Maybe things will be better with increasing number of nodes.

3) Thanks for the hint, I'll try to check this in couple of days.

4) >run htop or vmstat/iostat to determinate whether it’s the CPU that’s getting maxed out or not.
No. At sustained load (without rebalancing, srcub or other cluster self-activity) even on worst 5400
node I have ~50-60% cpu idle. Also, when I additionaly run fio-rbd with 4K random load, cluster iops
rises to 15-30k, so I think, the CPU isn't a bottleneck.

5) Cluster shared the same 10Gbit network without separation of client and cluster networks (in terms of ceph).

I' ve added this recommended sysctl parameters:
net.ipv4.tcp_low_latency = 1
net.core.rmem_default = 10000000
net.core.wmem_default = 10000000
net.core.rmem_max = 16777216
net.core.wmem_max = 16777216

On the NIC (Intel X520DA) we turn off interrupt coalescing to decrease latency.

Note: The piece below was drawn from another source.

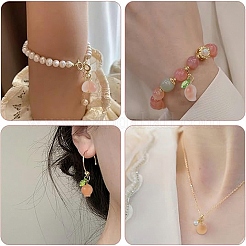 1 breloque en agate naturelle grenade/melon fu avec feuille&nbsp;G-YW0002-67
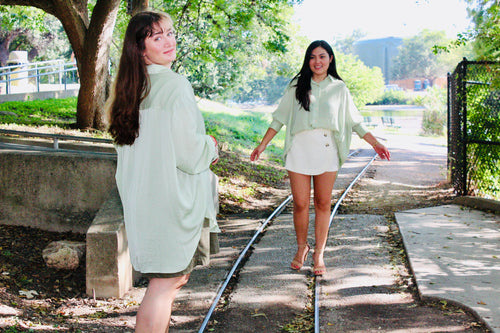 Sage Flowy Button Front Shirt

Maybe it gaves the thing worse,
but most offload features are also disabled. The current kernel it 3.16 backported from Debian Jessie, have a
serious bug with tagged bond interfaces and HW offloading - frequent kernell oops and awful performance.
Even a scatter/gather offloas are disabled, so the throughput on the interface is no more than ~5-6Gbit.
Also I have no tools to measure sub-usecond network latency, but most pings are <0.08ms (~70-80us)
and nload shows ~150Mbit traffic at usual sustained load. At the other side, running rados bench with 4M
object size from 10Gbit client shows >1Gbyte/s reading. So I think, that network under ceph is OK.

On the other hand, clients (VM on ~25 hosts under KVM) are on 1Gbit and have <0.15ms pings.
Maybe, more tight coupling hypervisor hosts with ceph hosts to the same 10Gbit network segment
will improve latencies slightly - we will check this sooner.

6) At your perf dump, I can see:
  -  230178/406051353 = 0.000567s =  0.567ms - avg journal latency
  - 4337608/272537987 = 15.92 ms - avg operation latency
  - 758059/111672059 = 6.79 ms - avg read operation latency
  - 174762/9308193 = 18.78 ms - avg write operation latency

And mine is (min/avg/max, ms):
- Journal operation latency = 0.63/0.78/1.04
- Operations latency = 3.76/8.87/18.39
- Read operations latency = 1.02/2.25/4.49
- Write operations latency = 9.61/23.94/50.30

As I can see fron journal latency, you have journals on ssd? What other HW do you use?
How many iops and how your cluster perform with 4K random read at low queue depth?

Thanks!
Megov Igor
CIO, Yuterra


От: ceph-users <ceph-users-bounces@xxxxxxxxxxxxxx> от имени Josef Johansson <josef86@xxxxxxxxx>
Отправлено: 21 мая 2015 г. 1:39
Кому: Межов Игорь Александрович
Копия: ceph-users
Тема: Re: How to improve latencies and per-VM performance and latencies
 
Hi,

Just to add, there’s also a collectd plugin at https://github.com/rochaporto/collectd-ceph.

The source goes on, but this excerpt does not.